Come si sa, Kaliningrad è un’enclave russa ai confini con la Polonia ma fu capitale dello Stato di Prussia dell’Ordine Teutonico, della Prussia ducale ed infine della provincia tedesca della Prussia Orientale, dal XV° al XVIII° secolo, col nome di Konisberg. Una città in tutto tedesca, che diede i natali (nel 1724) al filosofo Immanuel Kant. Dopo il 1945 la città passò sotto il controllo sovietico. I tedeschi che ci vivevano furono cacciati e la città fu ripopolata da russi, in seno al più grande movimento di popoli che seguì la seconda guerra mondiale. Dopo la caduta del Muro di Berlino, Kaliningrad divenne un’enclave russa separata dal resto del Paese. Una separazione che si accentuò quando, nel 2004, Polonia e Lituania divennero membri Nato. Dal 2007 è tornata al centro delle questioni internazionali quando George Bush dichiarò di voler installare uno “scudo spaziale” in Polonia. Il braccio di ferro da allora continua.

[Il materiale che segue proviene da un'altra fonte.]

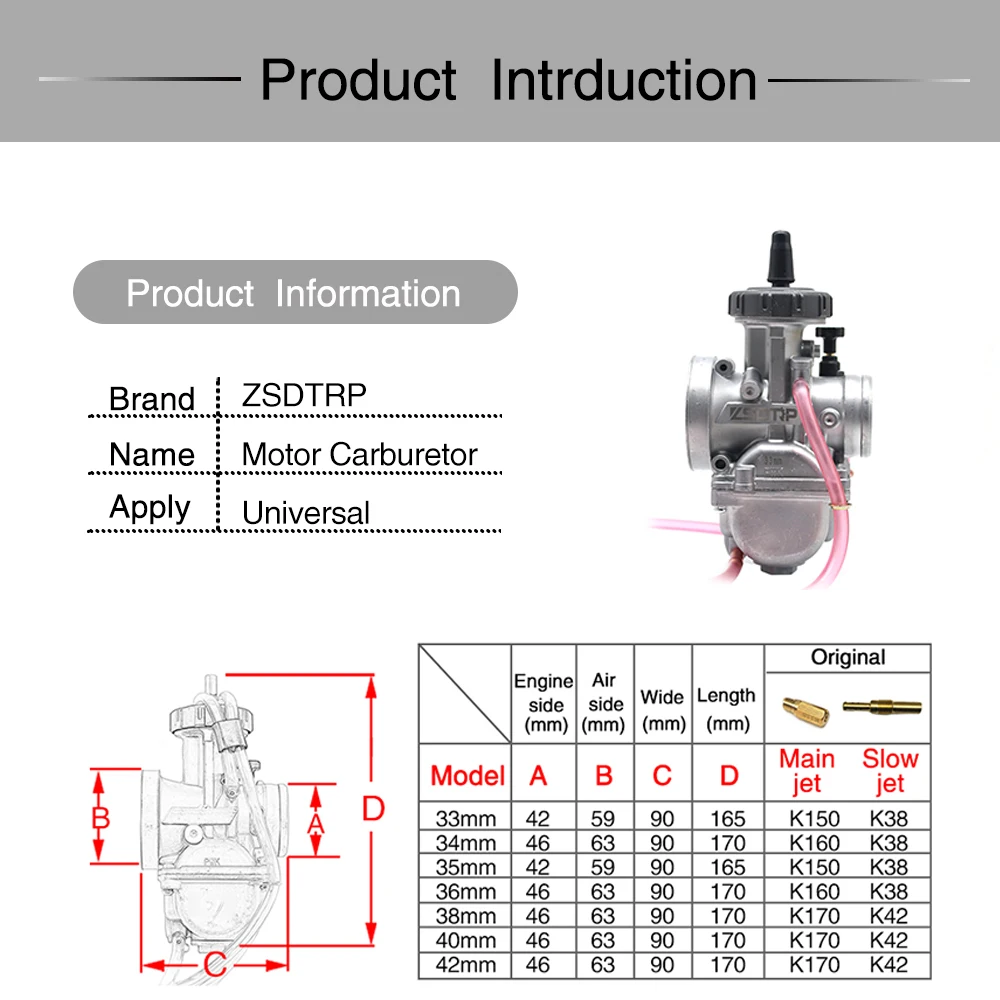 Carburador ZS Racing Keihin PWK universal 2T/4T moto - imagen 2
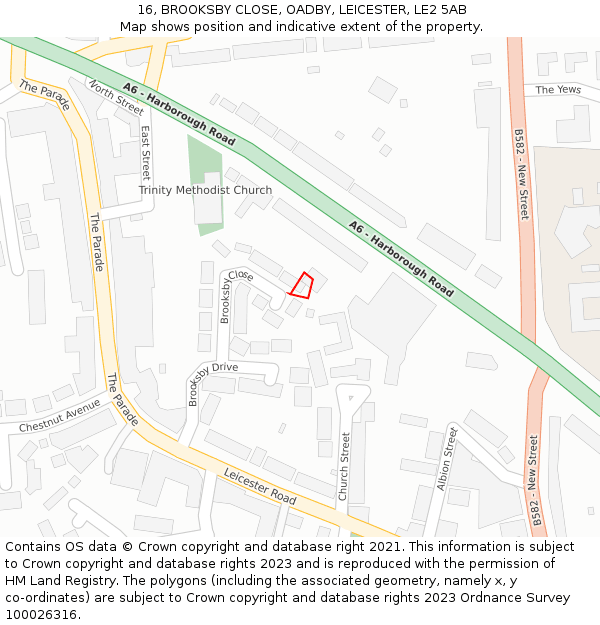 16, BROOKSBY CLOSE, OADBY, LEICESTER, LE2 5AB: Location map and indicative extent of plot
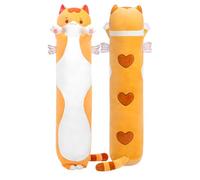 Mewaii 44in Long Cat Plush Pillows Stuffed Animals Squishy Pillows - Plushie Cute Kitty Sleeping Hugging Plush Pillow Soft Toys for Kids(Orange)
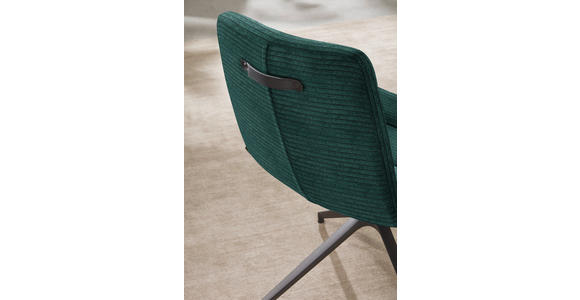 ARMLEHNSTUHL  in Cord  - Schwarz/Grün, Design, Textil/Metall (61/88/66cm) - Dieter Knoll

L’area di Kalingrad è già la più militarizzata d’Europa, e le dichiarazioni del ministro Anatoly Serdyukov -durante la sua visita in Finlandia- non stupisce più nessuno.

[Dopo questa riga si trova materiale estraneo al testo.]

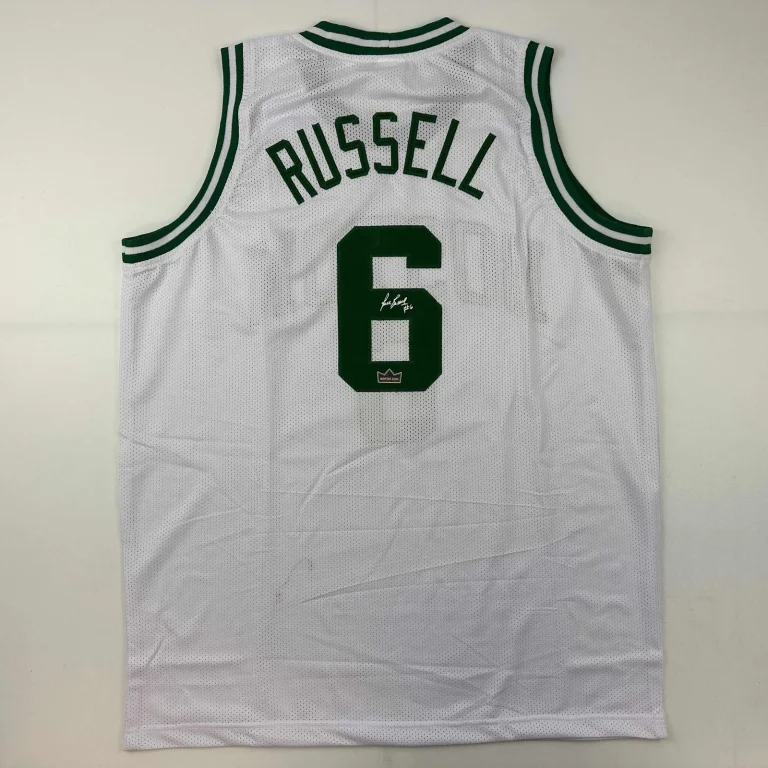 Facsimile Autographed Bill Russell Boston White Jersey Size Men's XL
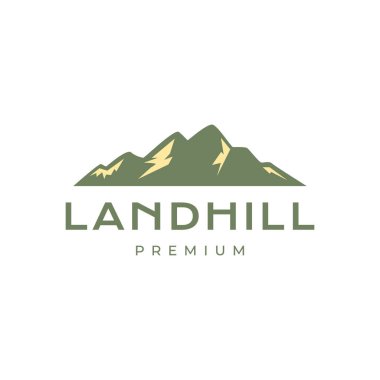 Peak Land Hill tepesi sabah yeşil doğa yürüyüşü logo tasarım vektörü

Il luogo non è scelto a caso. Kaliningrad, sotto la sovranità russa, si trova sul Baltico, ai confini con Lituania e Polonia. Proprio la Polonia, aderente alla NATO, ha in progetto di dislocare sul suo territorio i missili americani Patriot, vicino Morag, cittadina non lontana da Kaliningrad. A ciò si aggiungono i timori del Cremlino per le voci di nuove basi statunitensi in Bulgaria e Romania.

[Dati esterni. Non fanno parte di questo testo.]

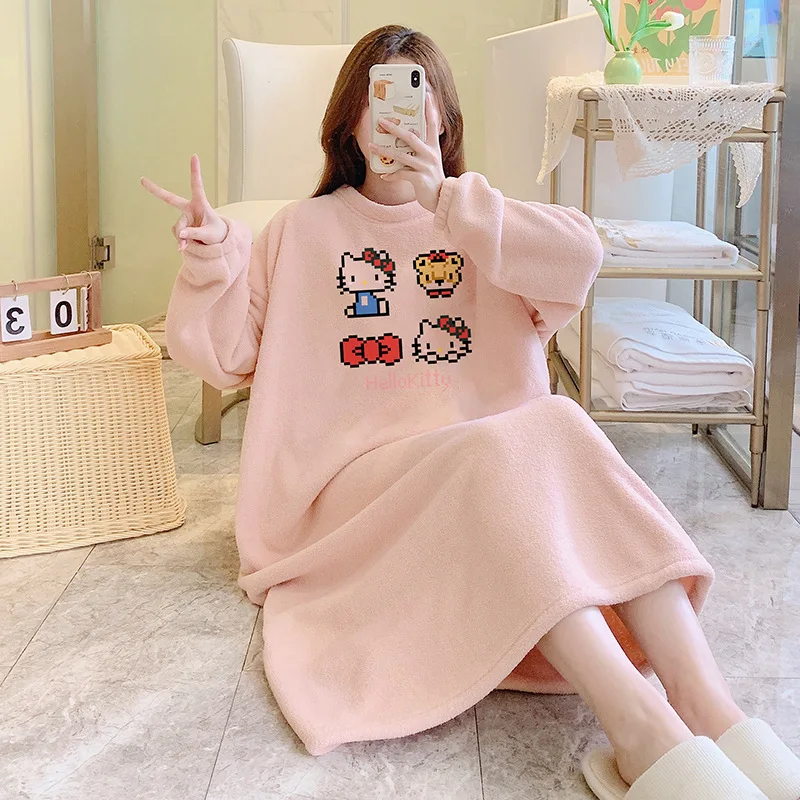 

Женская фланелевая бархатная ночная рубашка, осенне-зимняя утепленная теплая ночная рубашка с героями мультфильмов, удобная женская повседневная домашняя одежда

Da qui il ritorno di “avvertimenti” in stile guerra fredda, che erano sembrati tramontare con l’elezione di Barack Obama. Il nuovo presidente sembrava aver abbandonato il costoso progetto di scudo missilistico in Europa su cui aveva puntato la precedente amministrazione americana di George W. Bush e dei suoi “falchi” in tema di politica estera. La visita di Obama a Mosca, nel luglio scorso, aveva rasserenato il clima tanto che al passo indietro degli americani aveva fatto seguito il ritiro del progetto degli Iskander a Kaliningrad. Ma Obama, Premio Nobel per la Pace, non rinuncia a giocare la partita. Ora la Russia teme l’accerchiamento di Washington attraverso l’ampliamento delle basi NATO in Europa e il parallelo sviluppo di relazioni con i Paesi dell’ex blocco sovietico, non tutti pieni di buoni sentimenti verso la Russia.
C’è però la questione Iran, che in tutta la vicenda prende prepotentemente la scena. Infatti lo scudo spaziale, dei 2007, e i Patriot di oggi sono uffialmente rivolti a contenere l’Iran. Eppure Mosca, che partecipa con Washington a questa politica di contenimento, non è intenzionata ad accettare missili ai suoi confini, ritenendoli una minaccia per la propria sicurezzza. E come dargli torto.I nfine, se l’amministrazione Obama vuole il fondamentale appoggio della Russia per fermare il progetto atomico iraniano, non dovrà fare passi falsi in Europa, né farli fare ai suoi alleati.